● Data records:
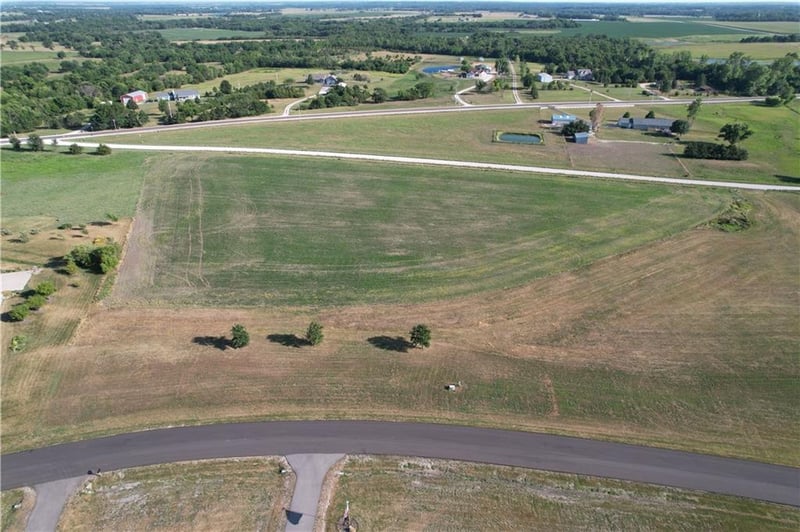7 Wheatland Dr, Ottawa, KS 66067
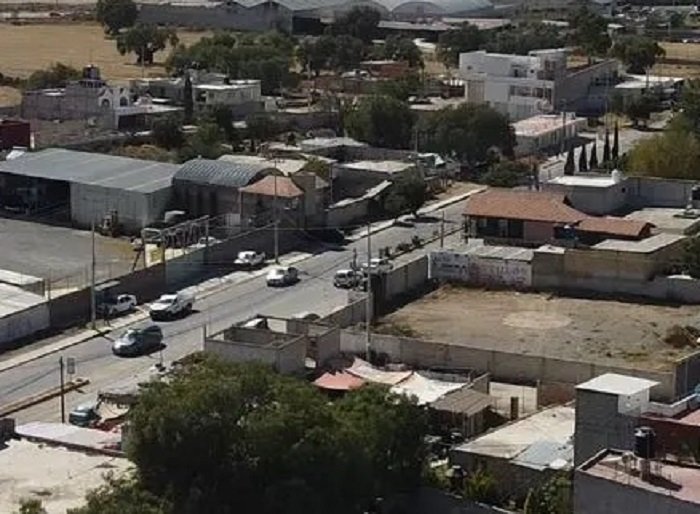 Un Hombre Fue Hallado Sin Vida Dentro de Una Camioneta en Azoyatla, Mineral de La Reforma.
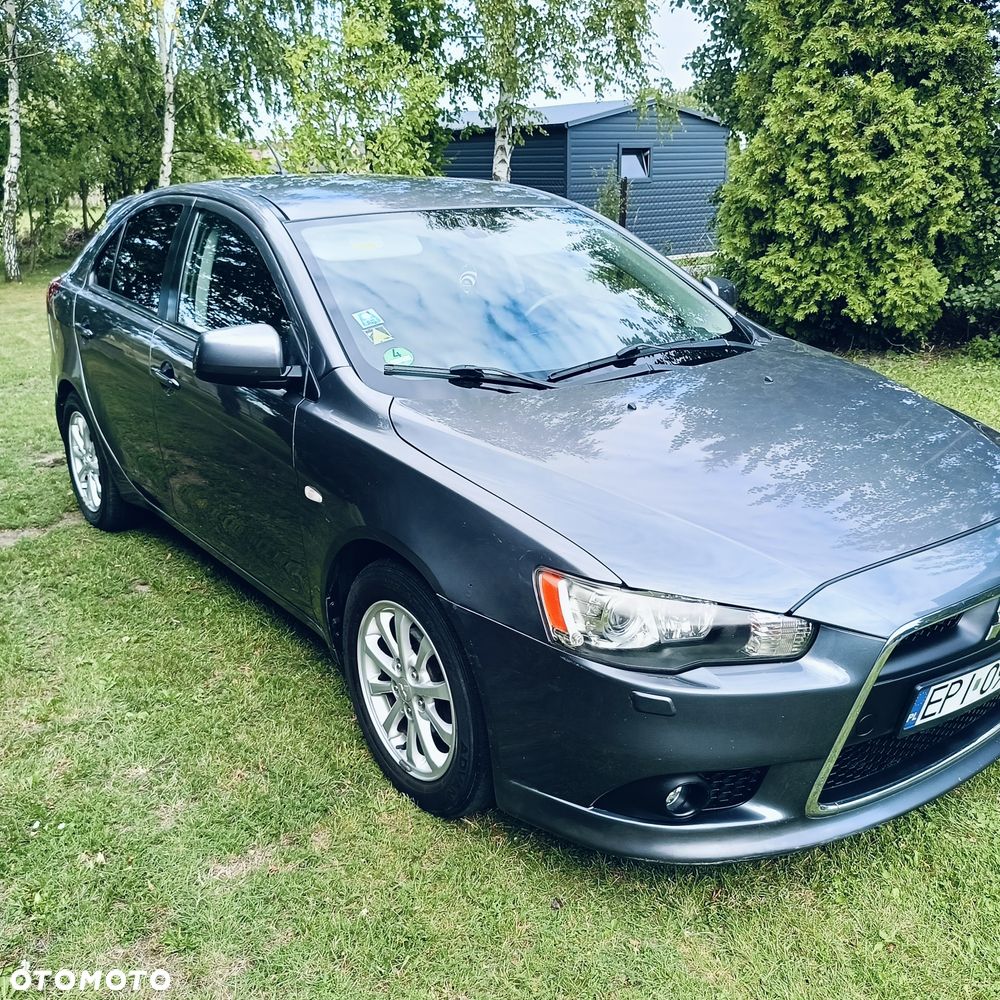 Mitsubishi Lancer 2010 photo 2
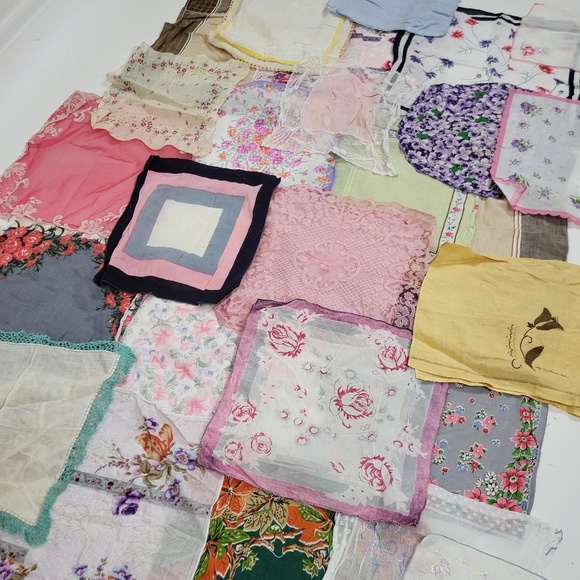 Vintage Multicolor handkerchiefs - Picture 8 of 12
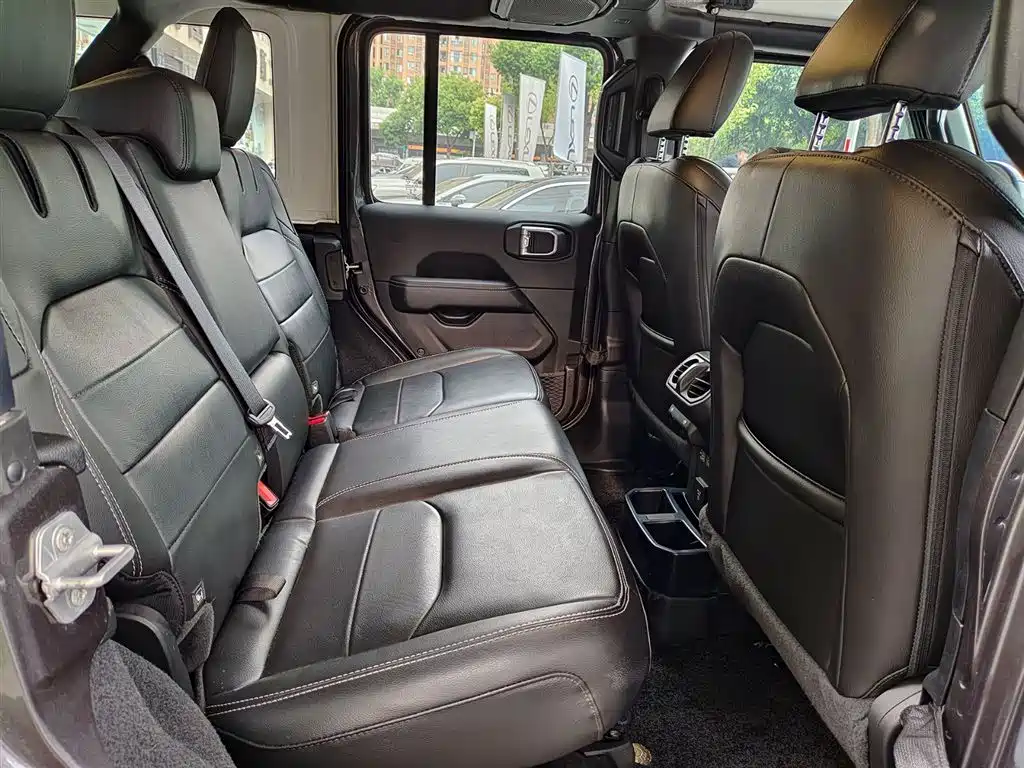 Jeep Wrangler PHEV 2023 — фото 11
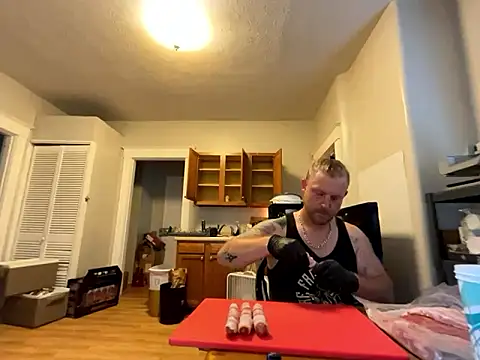 Mcpussypounder211's Webcam Show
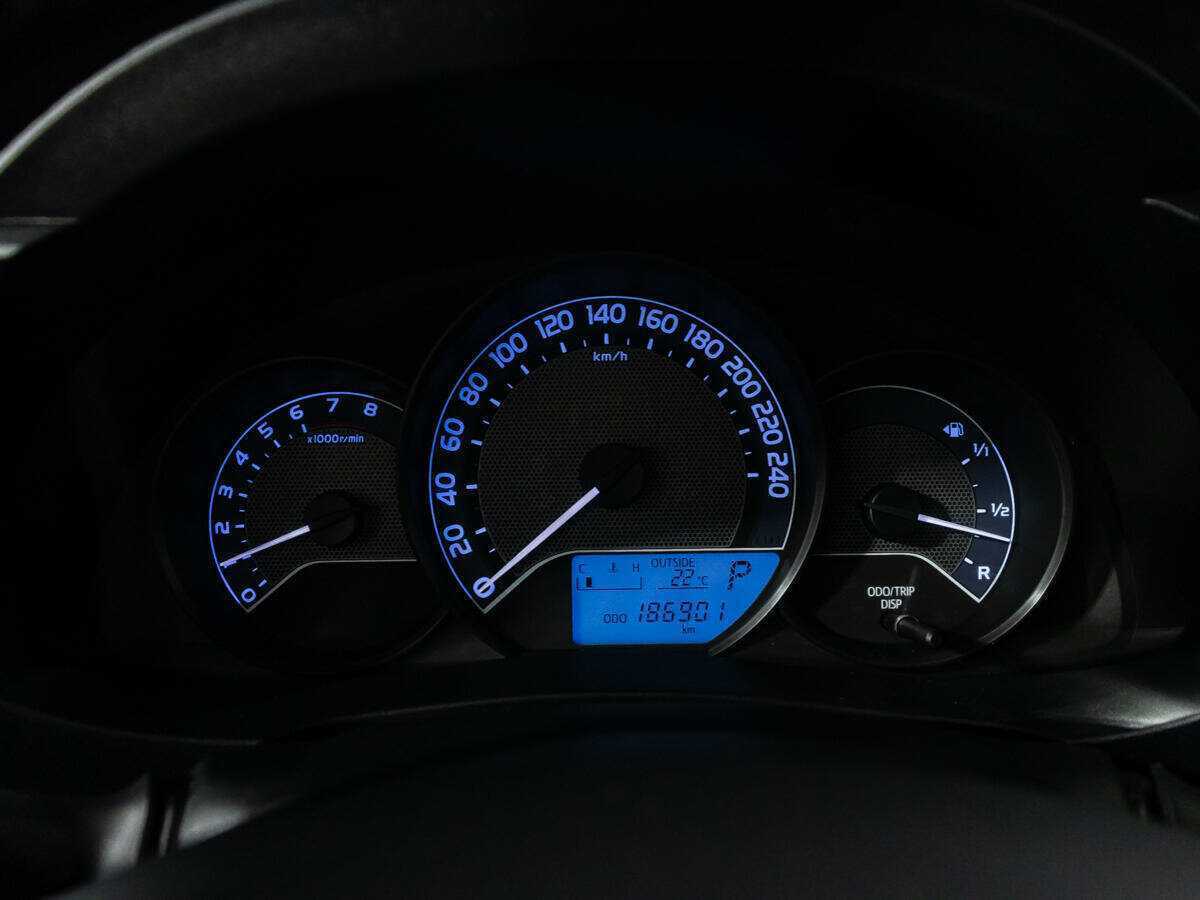 Toyota Corolla, 2013 Фото №12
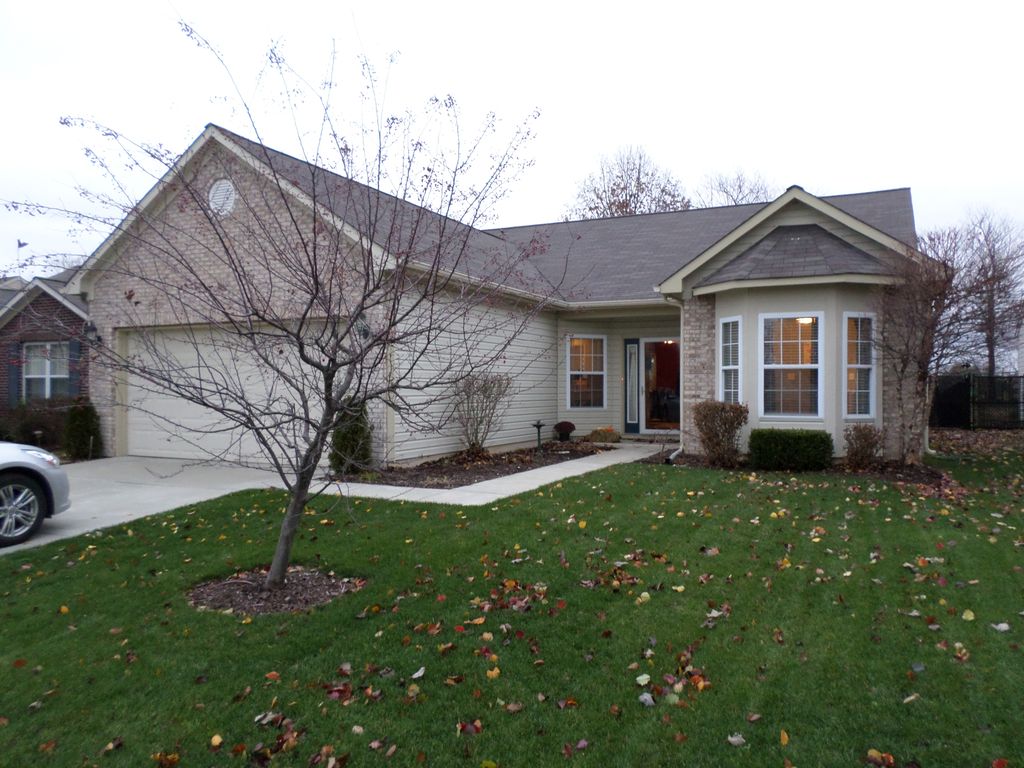 8215 Garden Ridge Rd, Indianapolis, IN 46237
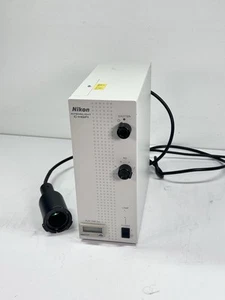 Fuente de lámpara de fluorescencia Nikon Intensilight C-HGFI FUENTE DE ALIMENTACIÓN laboratorio - Imagen 1 de 7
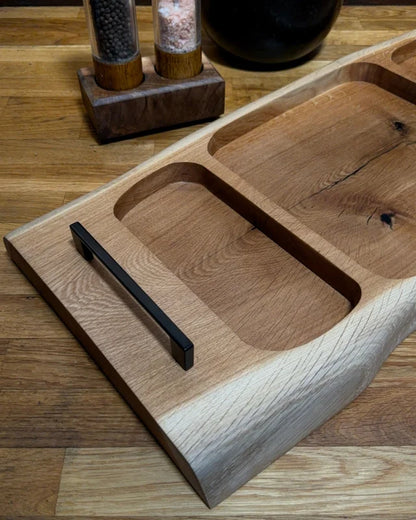 Pitmaster Board Centerpiece – Eiche | mit Schwarzgriffen | 70×32×4 cm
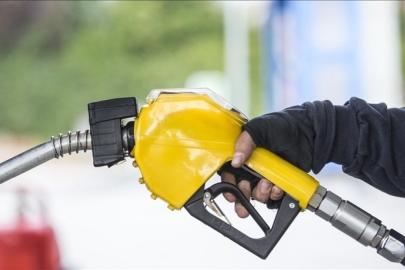 Akaryakıtta indirim: Motorinin litresi 70 liranın altına geriledi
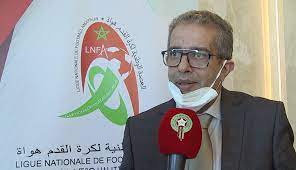 حكم ومدرب يتسببان في توقيف رئيس فريق مغربي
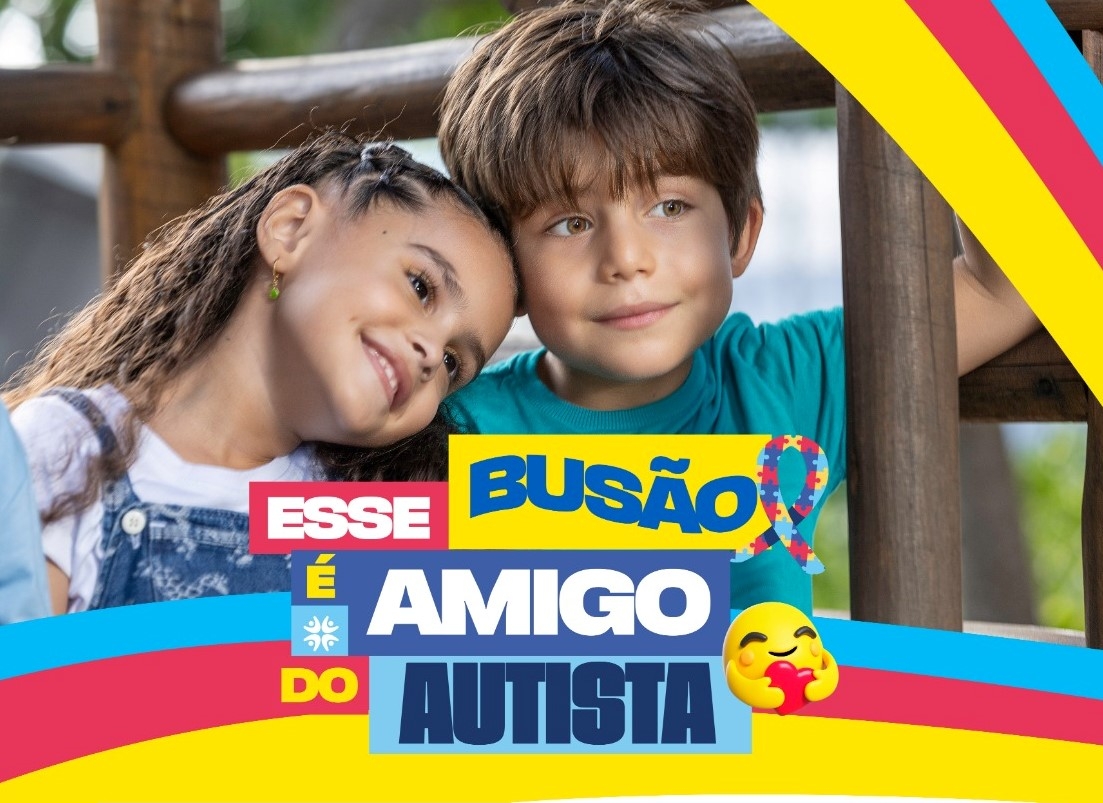 Crianças numa campanha de inclusão sobre autismo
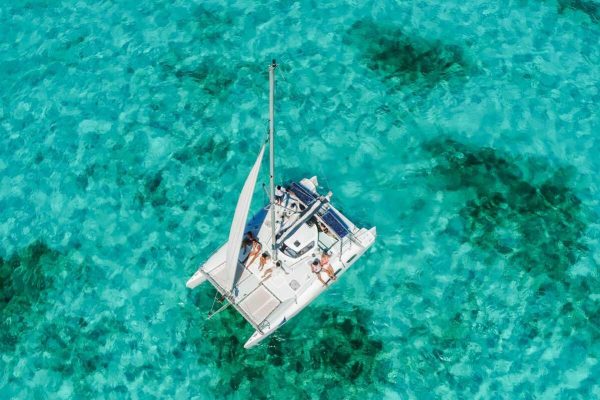 24.Catamaran for Small Groups Cancun 32 ft / 13 pax - Image 6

● Work task:
After locating the line containing "Mitsubishi Lancer 2010 photo 2" in the entries above, return it and every line after it exactly, ending at the line containing "Fuente de lámpara", without pictures.

● Result:
 Mitsubishi Lancer 2010 photo 2
 Vintage Multicolor handkerchiefs - Picture 8 of 12
 Jeep Wrangler PHEV 2023 — фото 11
 Mcpussypounder211's Webcam Show
 Toyota Corolla, 2013 Фото №12
 8215 Garden Ridge Rd, Indianapolis, IN 46237
 Fuente de lámpara de fluorescencia Nikon Intensilight C-HGFI FUENTE DE ALIMENTACIÓN laboratorio - Imagen 1 de 7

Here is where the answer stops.